# Dynamic Programming - Matrix-chain Multiplication

### Chained Matrix Multiplication

• Problem: Given a series of $n$ arrays (of appropriate sizes) to multiply: $\color{WildStrawberry}{A_1\times A_2\times\dots\times A_n}$
• Determine where to place parentheses to minimize the number of multiplications.

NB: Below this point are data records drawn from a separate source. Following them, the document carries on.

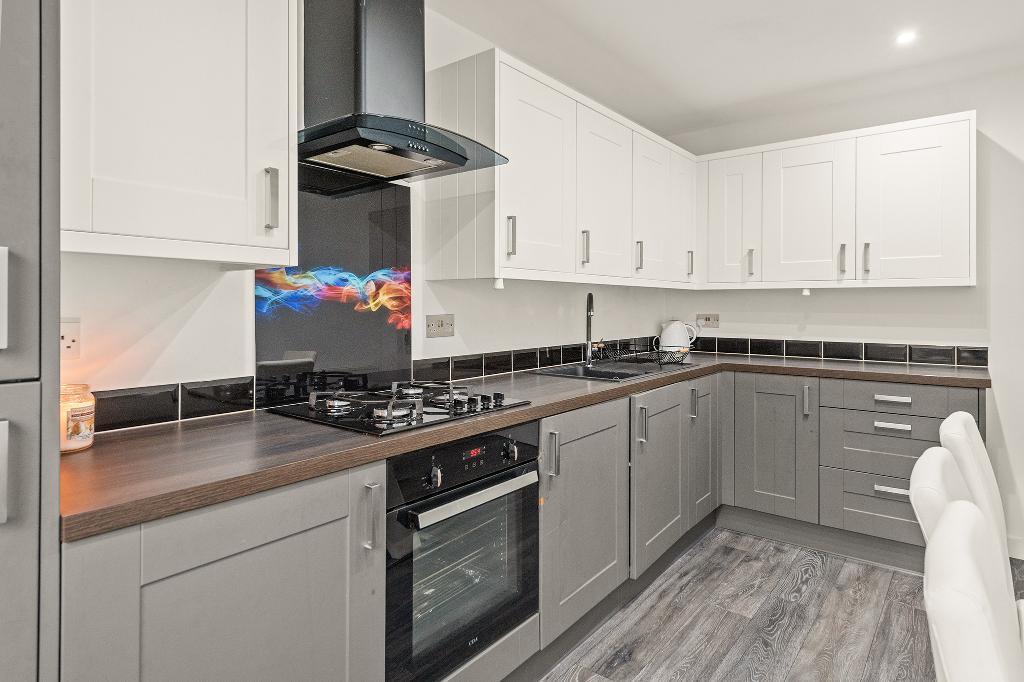House in Stenhousemuir, Antonshill - More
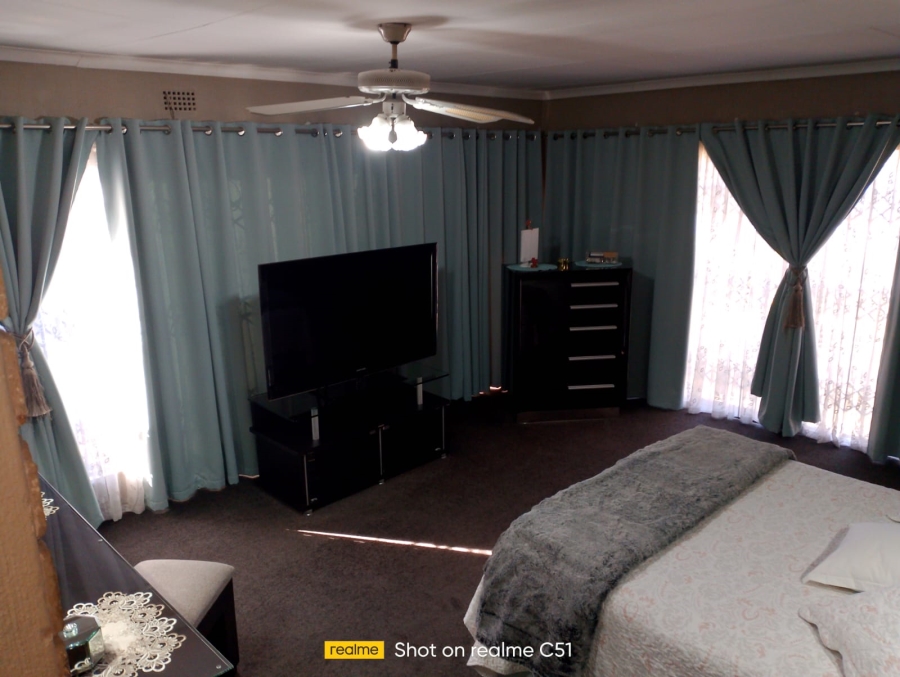 4 Bedroom Property for Sale in Dalpark Ext 1 Gauteng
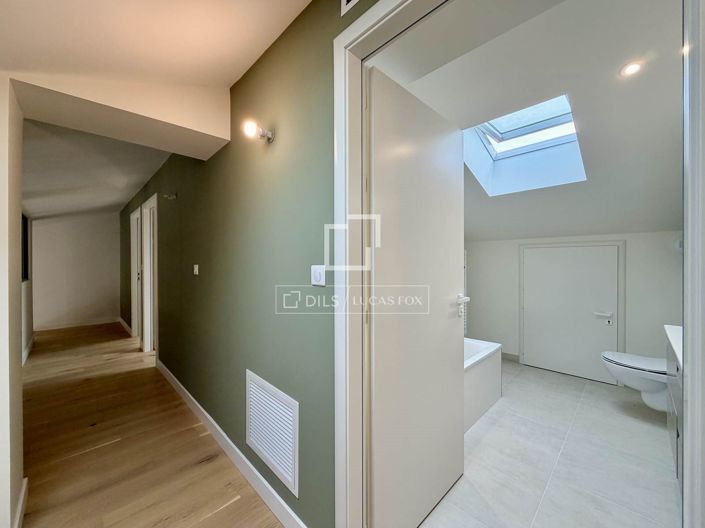 Image No.36-4 Bed House for sale
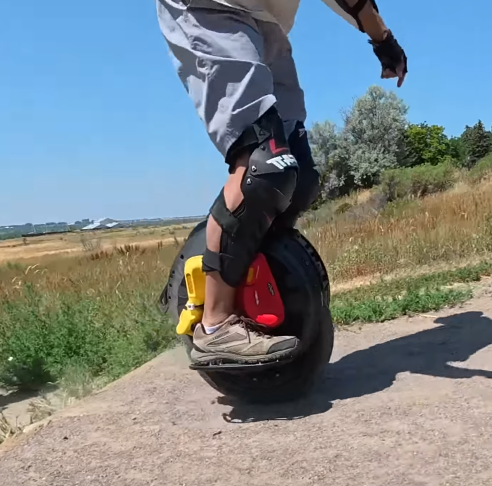 A Review of the Begode C8 Electric Unicycle 11 Screenshot 2025 08 05 084531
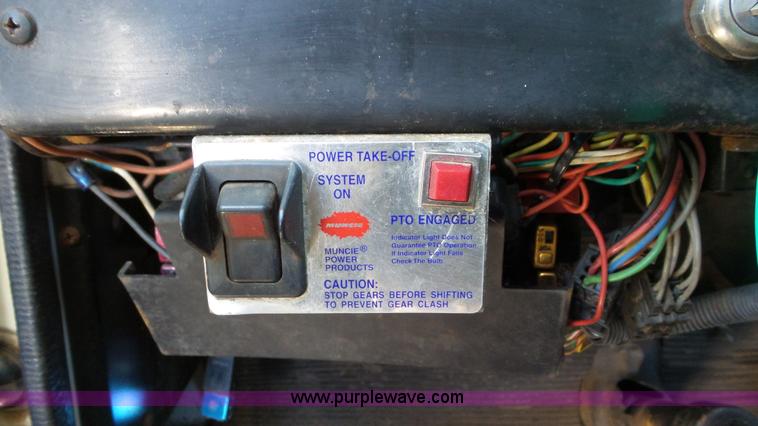 image for item K4509 2001 International 4700 rollback truck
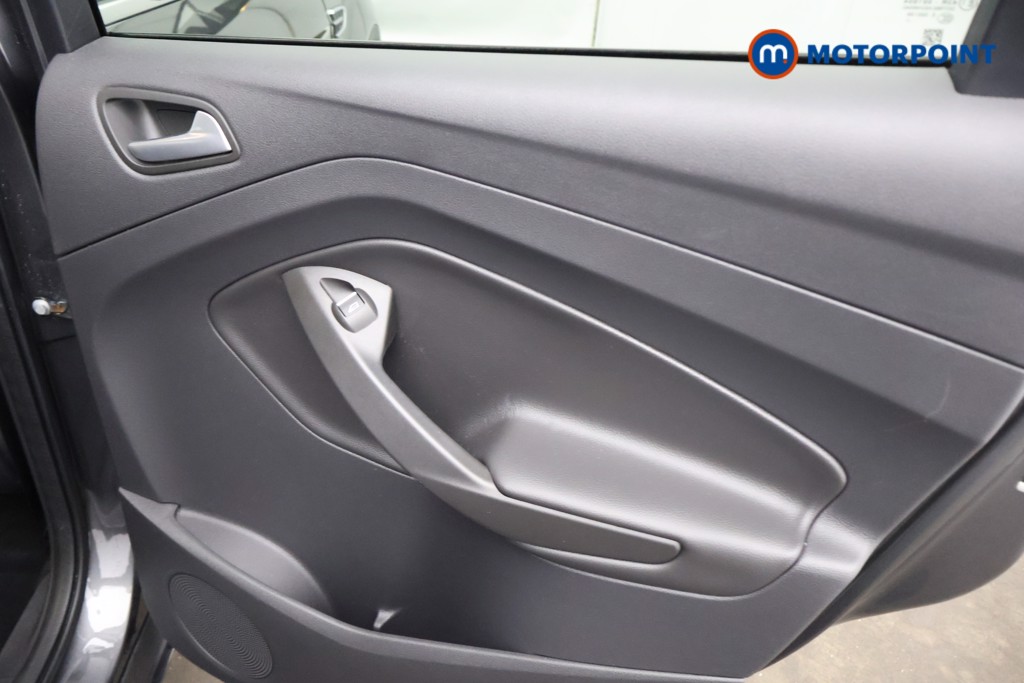Ford Kuga Titanium Automatic Petrol SUV - Stock Number (1629049) - 15th supplementary image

• Multiplying an $i\times j$ array with a $j\times k$ array takes $i\times j\times k$ array

• Matrix multiplication is associative, so all placements give same result

### Matrix Chain Multiplication: Introduction

• Problem: Given a sequence of matrices $A_1, A_2, \dots, A_n$, insert parentheses so that the product of the matrices, in order, is unambiguous and needs the minimal number of multiplication

• Assume that the matrix dimensions allow multiplication, in order

• Matrix multiplication is associative: $A_1(A_2 A_3) = (A_1 A_2)A_3$

• A product is unambiguous if no factor is multiplied on both the left and the right and all factors are either a single matrix or an unambiguous product (in parentheses)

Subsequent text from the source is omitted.